EXERCISE PROMPT:
Every record must be transcribed in its entirety, apart from the images, which are to be omitted.

+++ DATA TO EXAMINE

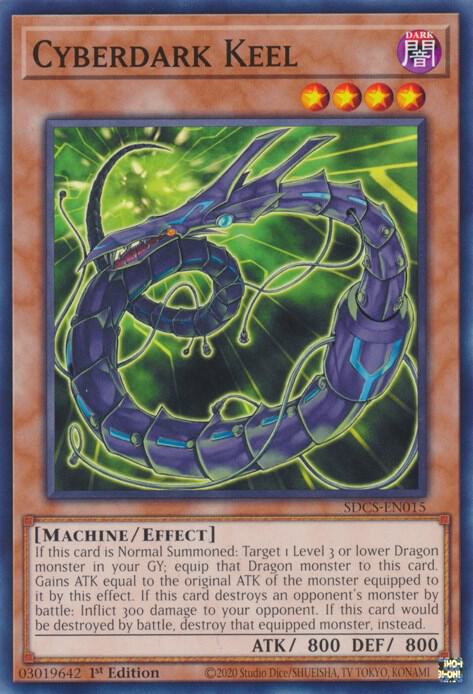 Cyberdark Keel - Structure Deck: Cyber Strike (SDCS)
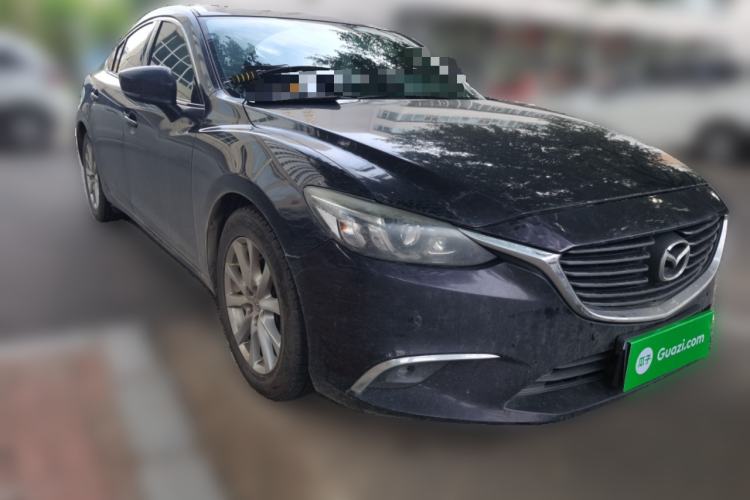 Used Mazda Atenza 2017 2.0L Blue Sky Prestige Edition Front Right 45 Deg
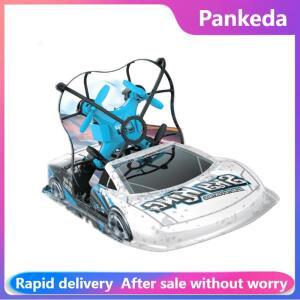 아동용 미니 글로벌 RC 드론 트라이피비안 차량 보트 쿼드로콥터 육지수중 듀얼 모델 리모컨 헬리콥터 장난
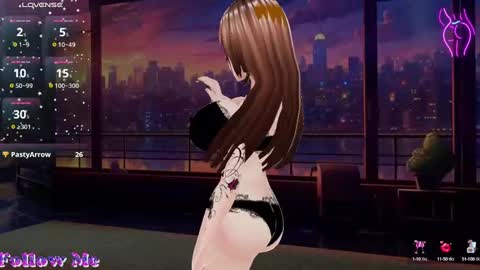 Hanae online show from 21, 2, 2025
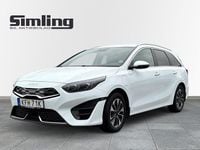 Begagnad Kia Ceed Sportswagon Advance 141 HK (103 kW) 2021 Vit Kombi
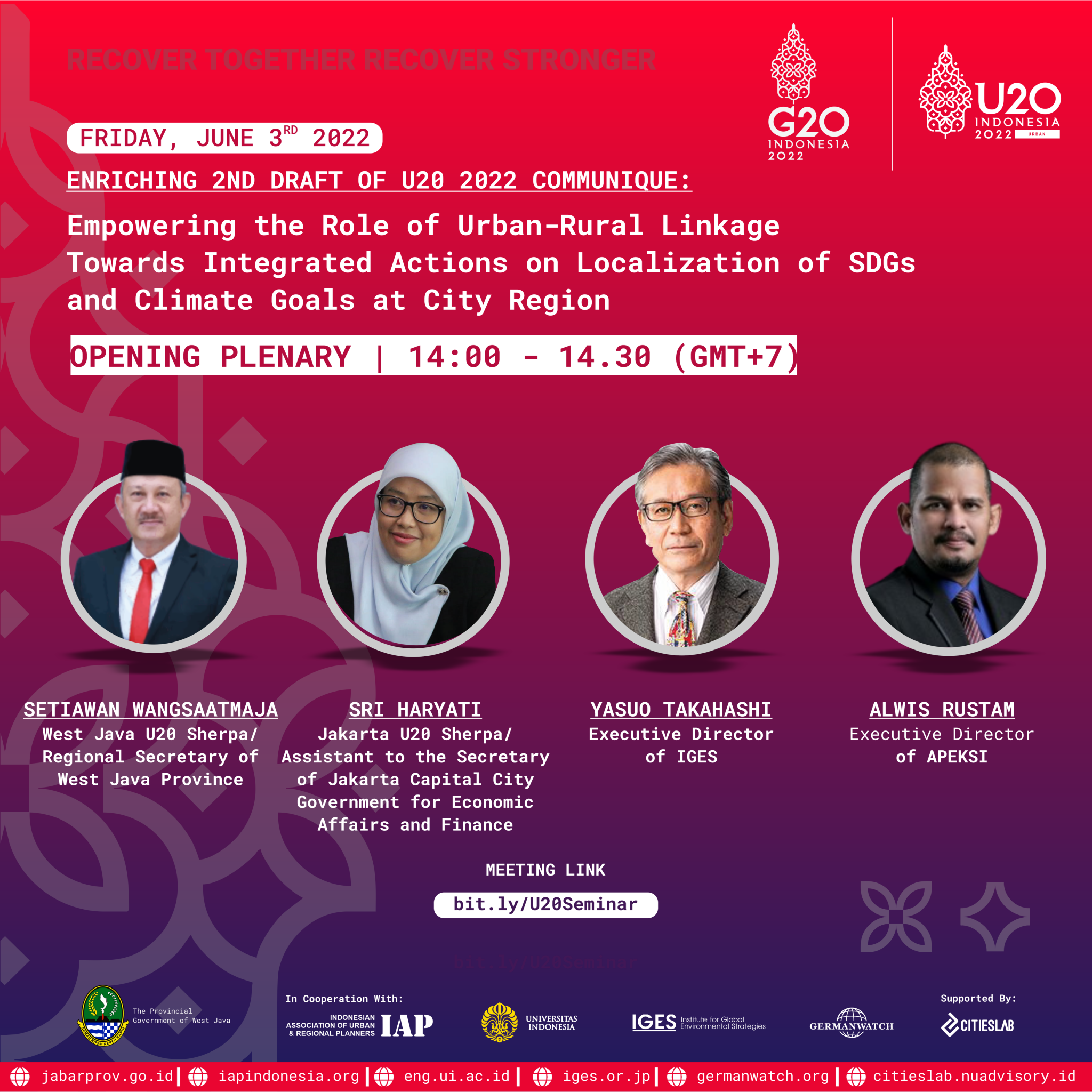 Enriching 2nd Draft of U20 2022 Communique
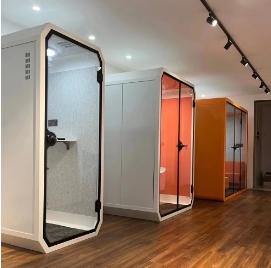 Office Telephone Booths in South Korea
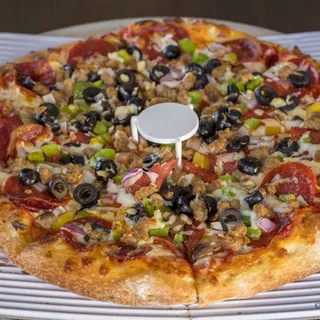 Supreme Combo Pizza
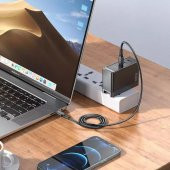 Mcdodo 100w GaN Ultra Hızlı 2xType-C 1xUsb Laptop Macbook Telefon Hızlı Şarj Başlığı - 7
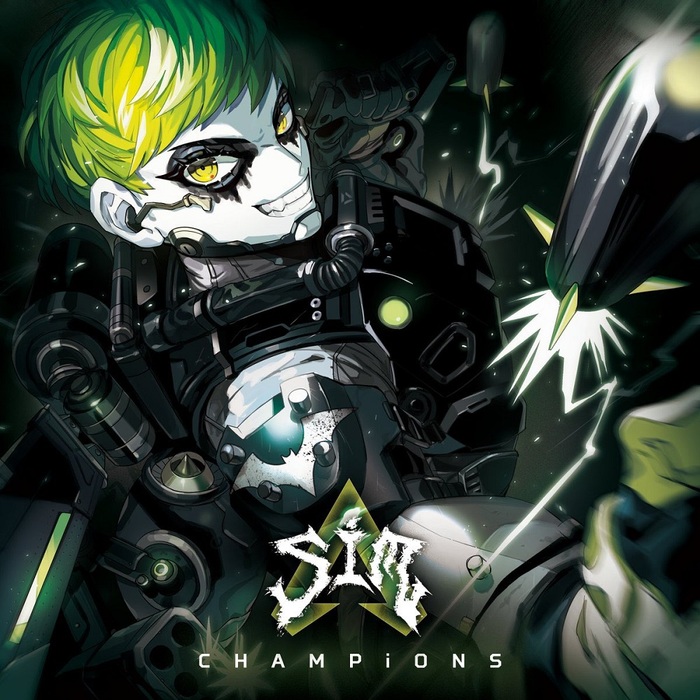 SiM、新曲「CHAMPiONS」2/19配信リリース決定！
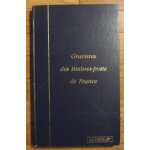 Album 57 gravures des timbres poste de france ann�e 1999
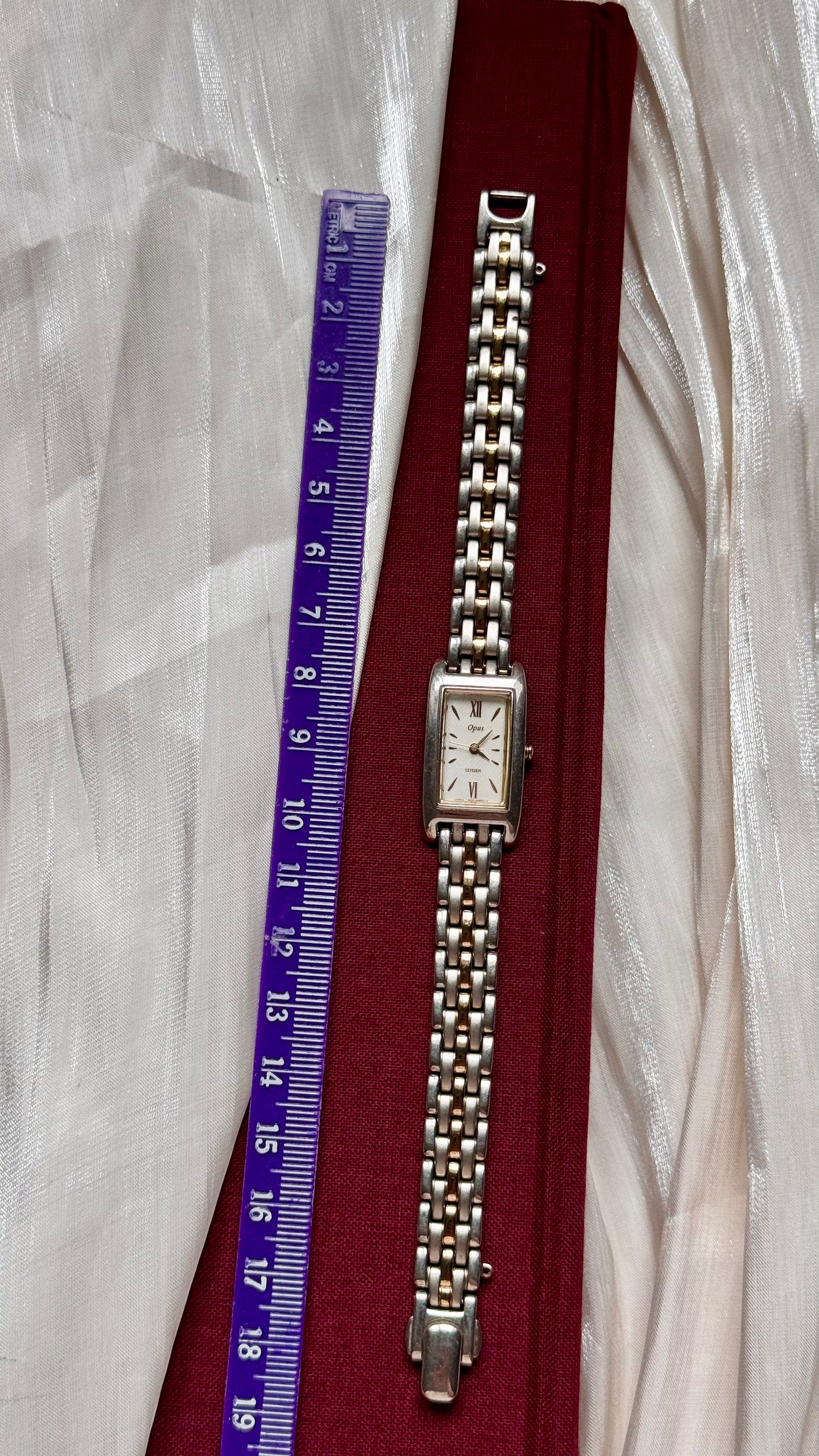 Vintage Citizen Opus Watch 1996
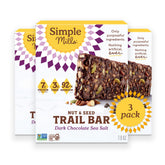 Simple Mills front packaging showing 15-count box and flavor benefit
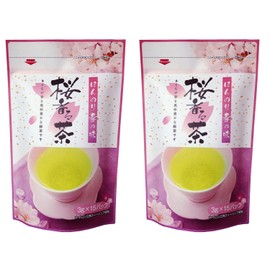 Maruko Cherry Blossom Scented Tea Bag (0.1 oz (3 g) x 15 P x 2 Packs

++++++

RESPONSE:
 Cyberdark Keel - Structure Deck: Cyber Strike (SDCS)
 Used Mazda Atenza 2017 2.0L Blue Sky Prestige Edition Front Right 45 Deg
 아동용 미니 글로벌 RC 드론 트라이피비안 차량 보트 쿼드로콥터 육지수중 듀얼 모델 리모컨 헬리콥터 장난
 Hanae online show from 21, 2, 2025
 Begagnad Kia Ceed Sportswagon Advance 141 HK (103 kW) 2021 Vit Kombi
 Enriching 2nd Draft of U20 2022 Communique
 Office Telephone Booths in South Korea
 Supreme Combo Pizza
 Mcdodo 100w GaN Ultra Hızlı 2xType-C 1xUsb Laptop Macbook Telefon Hızlı Şarj Başlığı - 7
 SiM、新曲「CHAMPiONS」2/19配信リリース決定！
 Album 57 gravures des timbres poste de france ann�e 1999
 Vintage Citizen Opus Watch 1996
 Simple Mills front packaging showing 15-count box and flavor benefit
 Maruko Cherry Blossom Scented Tea Bag (0.1 oz (3 g) x 15 P x 2 Packs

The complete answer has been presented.